13. The Supreme Court also pronounced itself in this regard in Independent Electoral & Boundaries Commission v Cheperenger & 2 others (Civil Application 36 of 2014) [2015] KESC 2 (KLR) (15 December 2015) (Ruling), and stated:“…The true preliminary objection serves two purposes of merit: firstly, it serves as a shield for the originator of the objection—against profligate deployment of time and other resources. And secondly, it serves the public cause, of sparing scarce judicial time, so it may be committed only to deserving cases of dispute settlement. It is distinctly improper for a party to resort to the preliminary objection as a sword, for winning a case otherwise destined to be resolved judicially, and on the merits…”

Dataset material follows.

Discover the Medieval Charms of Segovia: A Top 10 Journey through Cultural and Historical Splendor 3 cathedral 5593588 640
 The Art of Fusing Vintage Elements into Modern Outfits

14. Accordingly, since the respondents’ Preliminary Objection was taken on the point of jurisdiction, it was well taken in the circumstances. It is now trite law that jurisdiction is everything and without it, a court has no power to entertain or determine a matter. In The Owners of Motor vessel Lillian ‘S’ vs Caltex Kenya Limited [1989] KLR 1 the Court held:“Jurisdiction is everything. Without it, a Court has no power to make one more step. Where a Court has no jurisdiction, there would be no basis for a continuation of proceedings pending other evidence. A Court of Law downs tools in respect of the matter before it the moment it holds the opinion that it is without jurisdiction.”
15. Moreover, in Samuel Kamau Macharia & another v Kenya Commercial Bank Limited & 2 others [2012] eKLR, the Supreme Court pointed out that:“(68)A Court’s jurisdiction flows from either the Constitution or legislation or both. Thus, a Court of law can only exercise jurisdiction as conferred by the constitution or other written law. It cannot arrogate to itself jurisdiction exceeding that which is conferred upon it by law. We agree with counsel for the first and second respondents in his submission that the issue as to whether a Court of law has jurisdiction to entertain a matter before it, is not one of mere procedural technicality; it goes to the very heart of the matter, for without jurisdiction, the Court cannot entertain any proceedings. This Court dealt with the question of jurisdiction extensively in, In the Matter of the Interim Independent Electoral Commission (Applicant), Constitutional Application Number 2 of 2011. Where the Constitution exhaustively provides for the jurisdiction of a Court of law, the Court must operate within the constitutional limits. It cannot expand its jurisdiction through judicial craft or innovation. Nor can Parliament confer jurisdiction upon a Court of law beyond the scope defined by the Constitution. Where the Constitution confers power upon Parliament to set the jurisdiction of a Court of law or tribunal, the legislature would be within its authority to prescribe the jurisdiction of such a court or tribunal by statute law…”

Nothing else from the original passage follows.